If you are persistent and keep checking on a regular basis you can get some very nice deals. I got a week at Massanutten Resort (Virginia) in early June a couple of years ago for 7500 points. It's a great resort and there is a lot to do in the area, with Shenandoah National Park only 20 minutes away, Charlottesville (Thomas Jefferson's Monticello) about 45 minutes away; Luray Caverns about 45 minutes away. Of course, there is plenty to do at the resort as well with two golf courses, horse back riding, a fishing pond, an indoor/outdoor water park, hiking trails and more. So keep looking and you'll get something eventually. In fact, having these available is what convinced me to get into the points system. BTW, I ended up liking the resort so well that I bought a week at Massanutten's Woodstone - but of course, not from the developers. I bought a resale for $1600 that was going for $18,000 at the presentations - four bedroom, four bath lockout, which I split and get two weeks out of.


----------



## DerekS (Sep 5, 2009)

Is the 9000 points at 45 days automatic or only for some properties?  At the presentation that I attended my impression was that all unexchanged inventory was discounted 45 days out and would RCI lie/mislead at a presentation? (Don't answer that!) I am looking at Club Sevilla #5169 at Kissimmee next week 9/12 and they want 19000 points for a hotel unit! If the discount is only only for some properties is there a way to search for these? It seems very tedious to have to search every region of interest one at a time.


----------



## DerekS (Sep 5, 2009)

Since my previous post I have read Alan Cole's clear explanation in reply to another poster. Thanks Alan. I think I now have a handle on the system but I have a new question. I can see a week available in the weeks system within the 45 day envelope, but when I try to raid it from the points system it says blandly "Sorry, no matching inventory was found, please try again". Is there any way of claiming that week - will calling RCI achieve anything?


----------



## AwayWeGo (Sep 5, 2009)

*R. C. I. Instant Exchange.*




DerekS said:


> I can see a week available in the weeks system within the 45 day envelope, but when I try to raid it from the points system it says blandly "Sorry, no matching inventory was found, please try again". Is there any way of claiming that week - will calling RCI achieve anything?

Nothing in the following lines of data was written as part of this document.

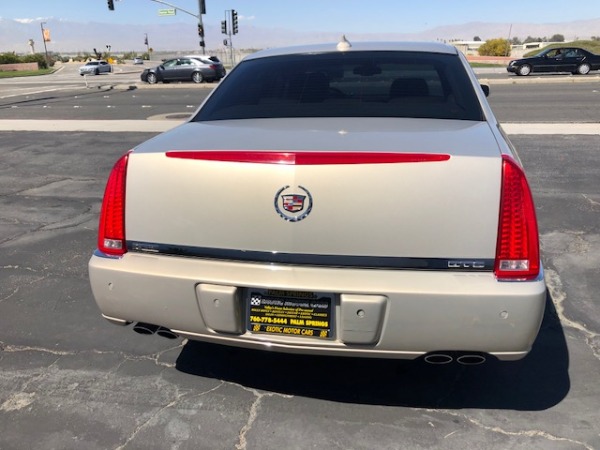 Used-2009-Cadillac-DTS-Luxury-6-Passenger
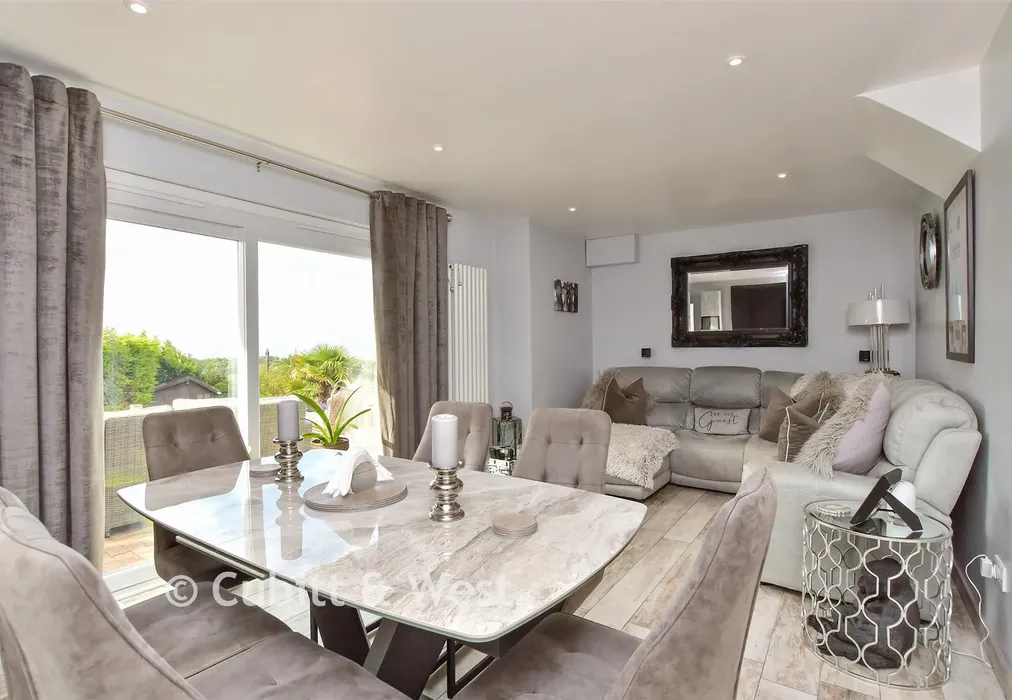 Lounge - Rosedene Close, Woodingdean, Brighton, East Sussex - Wards of Kent
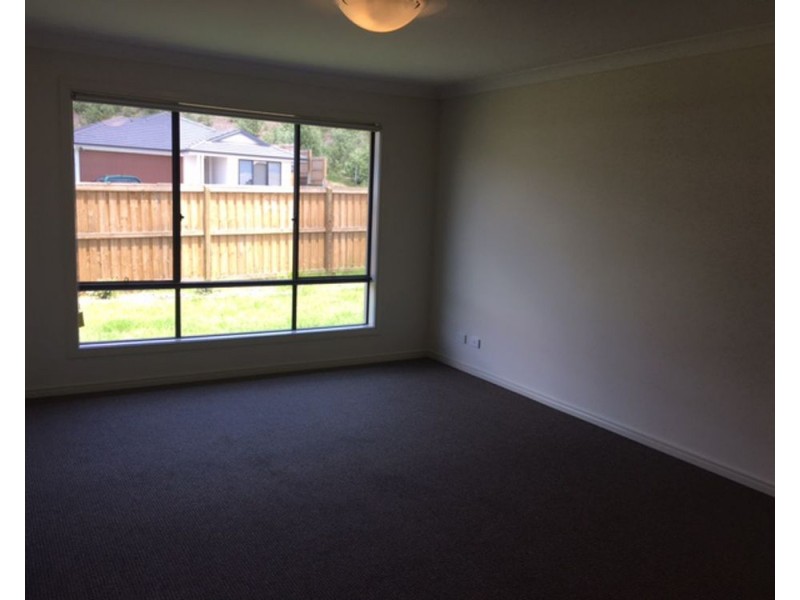 1 Meadows Circuit, Bellbird Park QLD 4300
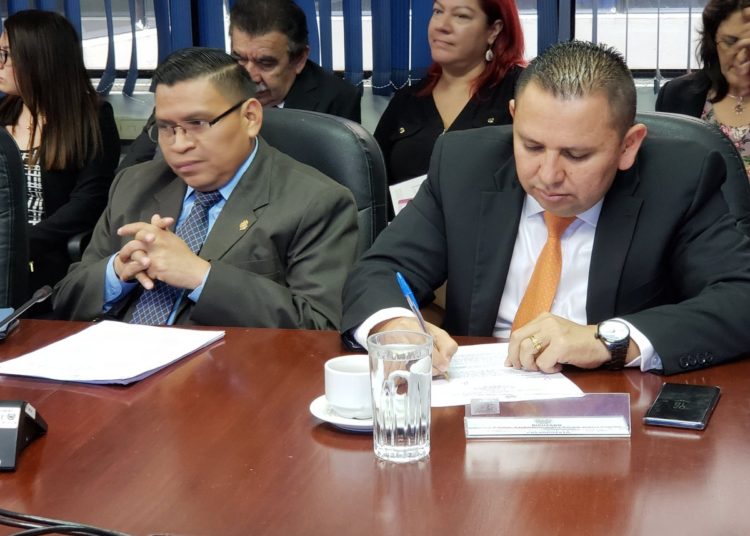 GANA ofrece sus votos a Bukele para reorientar fondos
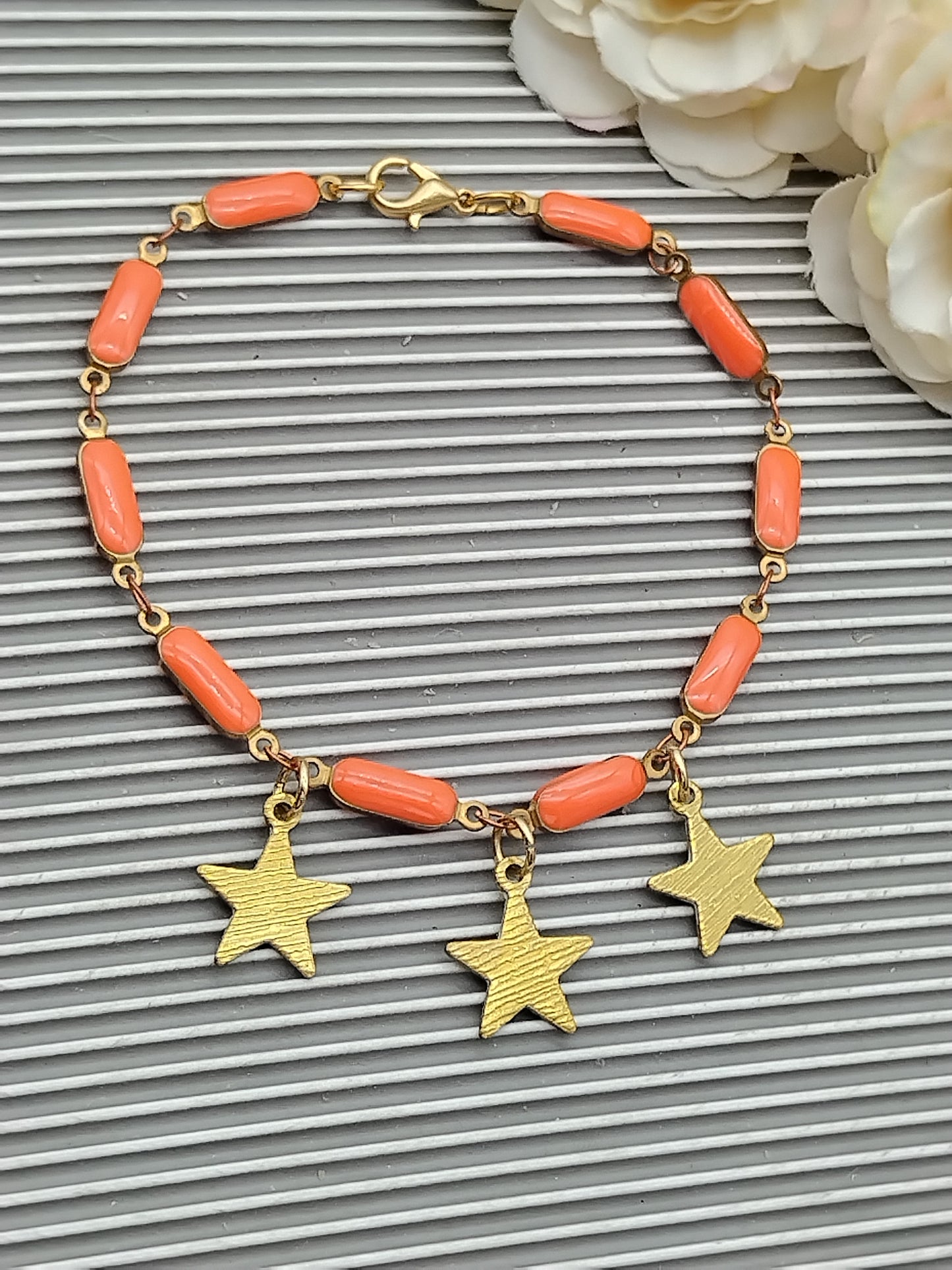 Pulsera con dijes de estrella y ginkgo, pulsera con barra abullonada de esmalte, pulsera naranja y blanca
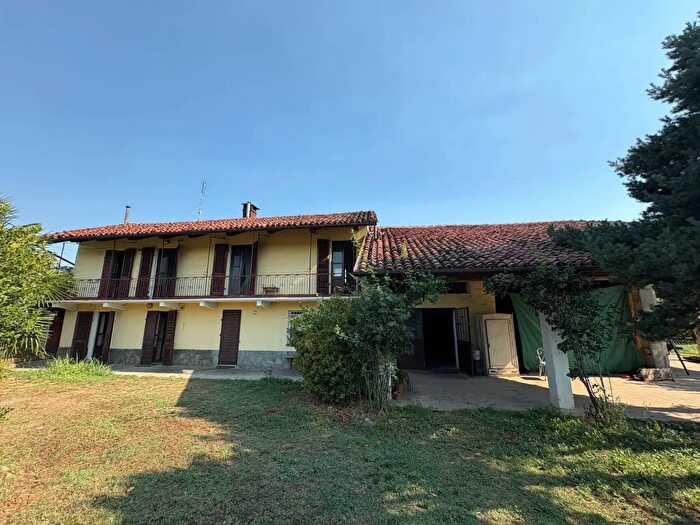 Casa con 6 locali in vendita in Regione Bauleri, Pinerolo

I have not (yet) encountered that, but if I wanted to reserve the week in question via _Instant Exchange_ I would call up RCI & try to snag an _Instant Exchange_ reservation over the phone. 

-- Alan Cole, McLean (Fairfax County), Virginia, USA.​


----------



## catcher24 (Sep 6, 2009)

DerekS said:


> Since my previous post I have read Alan Cole's clear explanation in reply to another poster. Thanks Alan. I think I now have a handle on the system but I have a new question. I can see a week available in the weeks system within the 45 day envelope, but when I try to raid it from the points system it says blandly "Sorry, no matching inventory was found, please try again". Is there any way of claiming that week - will calling RCI achieve anything?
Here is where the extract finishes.